La veille du cours de maître, je vais entendre le concert. Je dois ici faire une parenthèse pour souligner que les concerts du Conservatoire, tous types confondus (orchestre, récitals solo, auditions, etc.), sont généralement plutôt bien fréquentés. Mais cette fois, l'effet repoussoir du contemporain a frappé de plein fouet la salle Varèse: à part les étudiants qui devaient jouer le lendemain, quelques professeurs et autres représentants du Conservatoire ainsi qu'une poignée d'hurluberlus, personne n'avait jugé bon de se déplacer pour un concert présentant pourtant (j'imagine que ce marqueur relationnel serait contesté par les absents...) une affiche (je parle du répertoire, bien sûr, pas de la pub...) d'une indéniable originalité.

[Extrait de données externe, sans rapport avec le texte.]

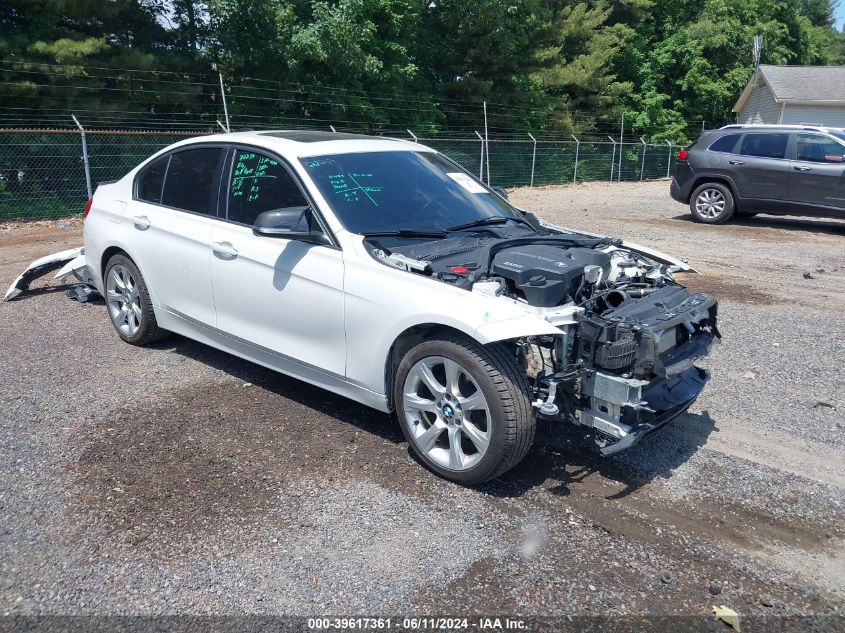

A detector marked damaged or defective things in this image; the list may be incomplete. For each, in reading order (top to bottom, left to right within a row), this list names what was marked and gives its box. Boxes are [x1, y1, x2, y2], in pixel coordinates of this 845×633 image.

detached fender panel [3, 246, 82, 300]
damaged white bmw [76, 128, 716, 484]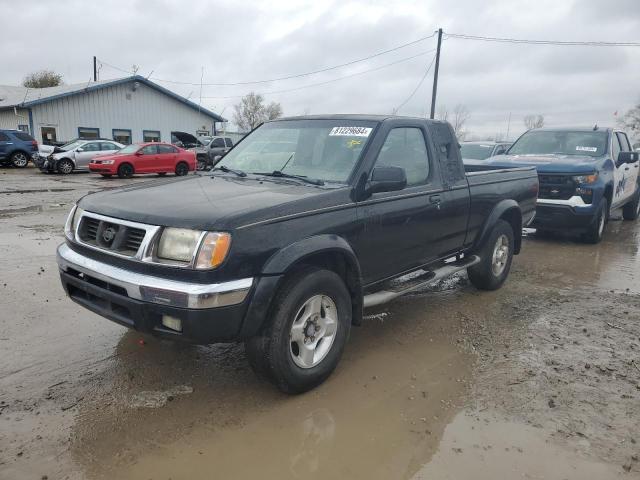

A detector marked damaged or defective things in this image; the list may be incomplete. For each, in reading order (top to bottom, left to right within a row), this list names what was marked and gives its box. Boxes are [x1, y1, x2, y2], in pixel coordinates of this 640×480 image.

damaged vehicle [57, 116, 536, 394]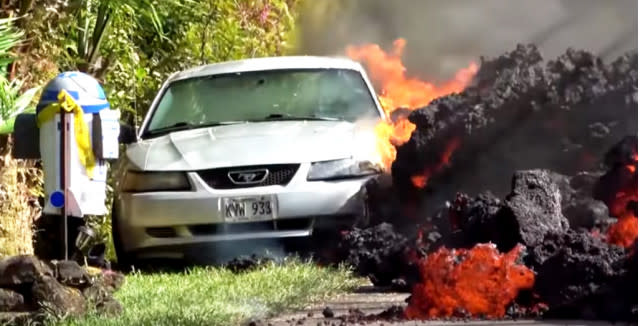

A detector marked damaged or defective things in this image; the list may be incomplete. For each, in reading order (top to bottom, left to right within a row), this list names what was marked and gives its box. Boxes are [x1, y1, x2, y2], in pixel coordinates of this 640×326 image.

dented hood [124, 119, 380, 171]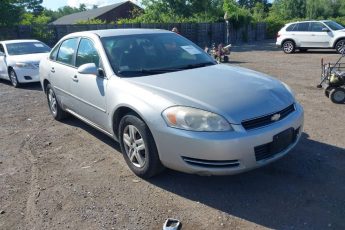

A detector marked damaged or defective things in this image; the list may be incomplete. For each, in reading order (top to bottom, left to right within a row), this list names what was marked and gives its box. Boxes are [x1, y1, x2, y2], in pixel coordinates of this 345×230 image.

detached wheel [45, 84, 67, 120]
detached wheel [328, 87, 344, 103]
detached wheel [119, 113, 163, 178]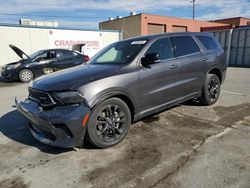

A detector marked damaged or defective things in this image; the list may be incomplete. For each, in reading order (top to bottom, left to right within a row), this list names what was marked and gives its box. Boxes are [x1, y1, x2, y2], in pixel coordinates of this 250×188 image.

damaged front bumper [15, 98, 91, 148]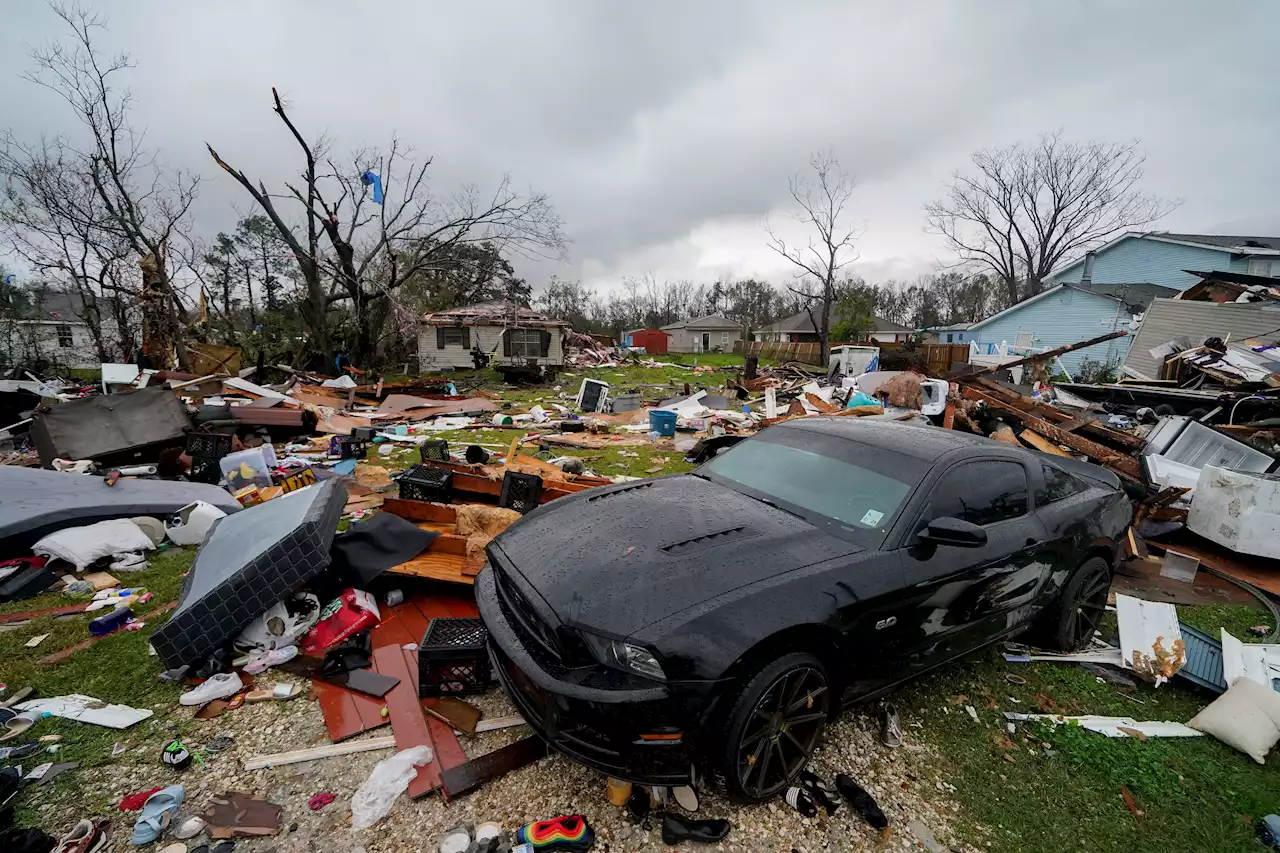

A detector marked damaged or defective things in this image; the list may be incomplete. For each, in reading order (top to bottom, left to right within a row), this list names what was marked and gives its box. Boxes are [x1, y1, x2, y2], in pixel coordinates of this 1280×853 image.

splintered lumber [967, 327, 1131, 376]
splintered lumber [1013, 427, 1075, 455]
splintered lumber [962, 384, 1141, 479]
splintered lumber [241, 732, 396, 768]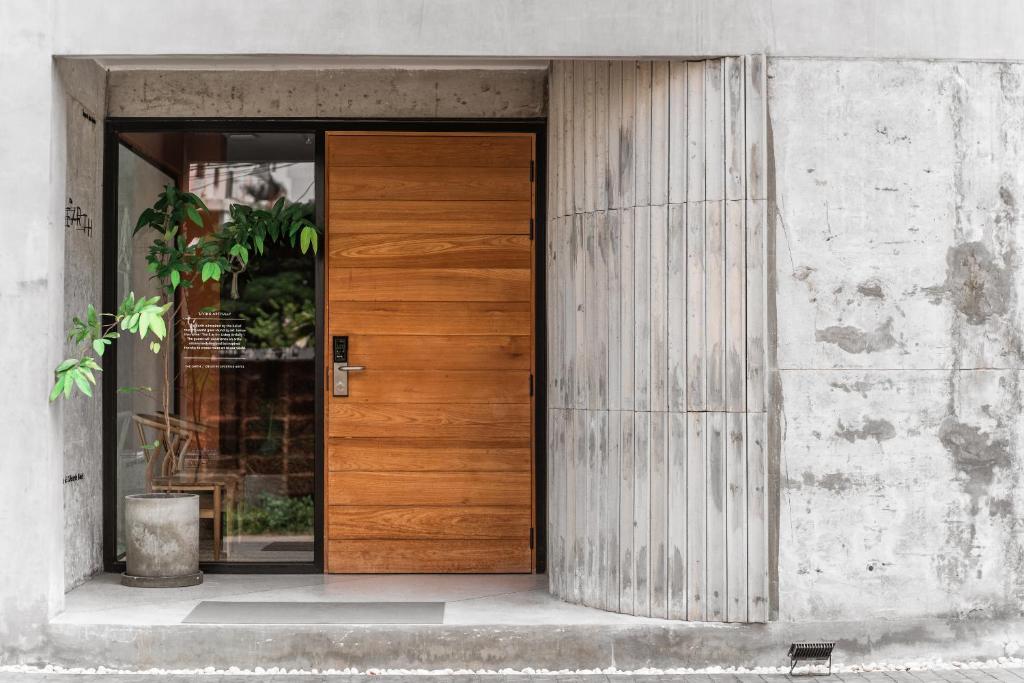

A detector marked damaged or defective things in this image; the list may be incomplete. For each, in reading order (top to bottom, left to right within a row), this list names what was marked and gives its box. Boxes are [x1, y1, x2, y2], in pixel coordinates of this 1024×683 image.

peeling paint patch [925, 241, 1011, 325]
peeling paint patch [815, 319, 897, 356]
peeling paint patch [835, 417, 892, 444]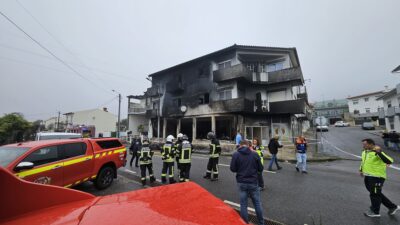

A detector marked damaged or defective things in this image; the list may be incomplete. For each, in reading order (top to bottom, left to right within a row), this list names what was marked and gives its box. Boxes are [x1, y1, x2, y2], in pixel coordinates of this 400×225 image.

fire-damaged building [130, 44, 310, 145]
burned balcony [212, 64, 253, 82]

La formule retenue faisait alterner une présentation plus ou moins succincte des pièces et leur interprétation — pas une mauvaise idée du tout. Malheureusement, je crois que le commentaire délivré aux auditeurs ne répondait pas à la commande — de taille, je le concède — d'intéresser à la fois les non-initiés et les gens « rompus à la baignade en ces eaux troubles » (s'cusez). À mon sens, les exposés ne dégageaient pas les lignes de force des compositions et s'attardaient à des éléments d'intérêt... disons... limité. (Non, mais, merde, on va-tu arrêter de freaker sur le cristi de nombre d'or, un moment donné? Surtout, si la phrase qu'on lance après y avoir fait référence ressemble à « La manifestation n'est peut-être pas clairement apparente dans l'oeuvre dont il est ici question... » Sus au nombre d'or! Fin de la montée de lait.) Le discours ratait donc en plus d'une occasion les éléments importants, au profit de considérations parfois triviales et il simplifiait à outrance certains concepts... cependant que le présentateur présumait — à maintes reprises — de la connaissance par l'auditoire d'oeuvres jamais jouées en concert et à peine distribuées, que ce soit sous forme de partition ou d'enregistrement! Exemple: « Vous êtes probablement familiers de [oeuvre X que, j'en mettrais ma main au feu, pratiquement personne dans la salle n'a entendu de sa vie...] » Le présentateur était sûrement conscient de cela; je ne sais trop que penser des raisons qui le poussaient à agir de la sorte. En plus, la communication, bien que verbalisée dans un français plutôt soigné, manquait cruellement de dynamisme. (Petit conseil au présentateur: lorsque vous continuez de parler en vous tournant vers le pianiste [c'est-à-dire aux 30 secondes, grosso modo], votre message ne parvient plus à l'auditoire qu'en des bribes inintelligibles.) Vers la fin du concert, le pianiste s'est permis quelques interventions qui, en comparaison avec la présentation officielle, représentaient un modèle de dynamisme et de pertinence. Bon, ce n'était peut-être pas si pire, je suis peut-être un peu sévère, mais je crois qu'on est en droit de s'attendre à plus de la part du responsable du séminaire d'analyse de la musique du XXe siècle — auquel j'assiste... Et sachez que mes commentaires sont beaucoup plus modérés que ceux que mes collègues étudiants pouvaient tenir...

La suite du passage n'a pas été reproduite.